EMISSIONS:Minister for the Eradication of Exhaust Pipes Eamon Ryan is a right little dynamo these days., writes KILIAN DOYLE
His latest wheeze is leading the charge, if you’ll excuse the pun, towards having 230,000 Irish motorists driving electric cars by 2020.
The Oireachtas Joint Committee on Climate Change later tried to flick his switch by suggesting the true target should be 350,000.
Whatever the figure, I’m largely in approval. However, I feel it would be remiss not to raise a few cautionary points before we all lose the run of ourselves and start stockpiling extension leads.
First, electric cars are silent. Unless it becomes mandatory for them to be fitted with an engine sound generator to warn people they’re coming, there’ll be carnage. Pedestrians – particularly the blind and the blind drunk – will be skittled in their thousands. Lotus and Toyota are already working on artificial engine noises for electric cars. Which sounds like a roaring good idea. I’ll have a 1969 Dodge Charger, thanks.
Then there’s the batteries. At present, the drive among most major car companies developing batteries is towards using lithium, which is light, energy-efficient and quickly rechargeable.
The problem is that experts predict the global demand will outstrip supply in less than 10 years unless new sources are found.
Which brings us neatly to Ireland’s favourite new bogeyman, Bolivian president Evo Morales. (Personally, I quite like Morales, mostly because he is that rare breed, a revolutionary socialist. Just like Joe Higgins, but unlike Bertie Ahern, who was just a revolting one.)
While many may have been irked by his bonkers claims that Ireland was involved in a murky plot to bump him off, he has a right to be paranoid. Why? Other than the internal political foes festering in his fine little country, he is sitting on a potential time-bomb – namely, massive reserves of lithium.

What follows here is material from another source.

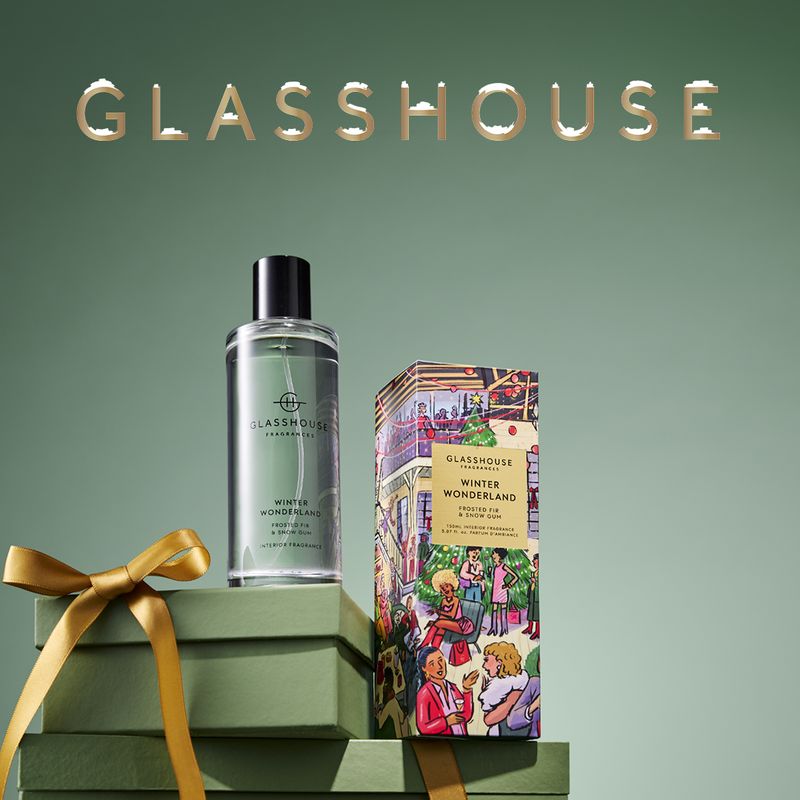 Glasshouse Christmas Interior Fragrance - Winter Wonderland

Half of all global supplies lie, untapped, under the Salar de Uyuni salt flats high in the Andes. Morales, understandably, wants to stop this precious resource being plundered by foreign companies, like his country’s copper, silver and tin were in the past. He’s warning firms lining up to extract the lithium that they’ll not only have to pay handsomely for the privilege, but manufacture batteries and even cars in Bolivia too.
All very commendable, but Morales's principles could potentially leave him in deep guano. For the fear is that once lithium supplies get tight, some lithium-hungry nation fed up with his demands will foment a coup, á la Kissinger in Chile, on some spurious pretext – such as claiming he's a narco-terrorist or a threat to democracy – and it'll be hasta la vistaEvo.
While I’d love to be pottering around in an emissions-free electric car in a decade, I’d prefer if it didn’t have the blood of Andean peasants all over the bonnet, if you get my drift.
Finally, there’s the small matter of the electricity itself. If we were all to switch to electric cars overnight, the whole grid would collapse into a tangled, fizzing heap. And if we do spend the next decade building more power stations to cope with the demands of electrified motorists, what are we to power them with?
The obvious answer, my friends, is blowin’ in the wind. We’ve buckets of the stuff, more than enough to power all our cars. But turning it into electricity is going to take some serious concerted effort and ingenuity across the spectrum. In this country of bickering headless chickens, where getting anyone to pull together on anything is like trying to teach synchronised swimming to camels, I’m not holding my breath.
So, will we achieve Ryan’s lofty goal of 230,000 wind-powered electric cars by 2020? Who knows? I realise you’ve come to expect an uncanny knack for novel answers from me, but in this case I admit I haven’t a breeze.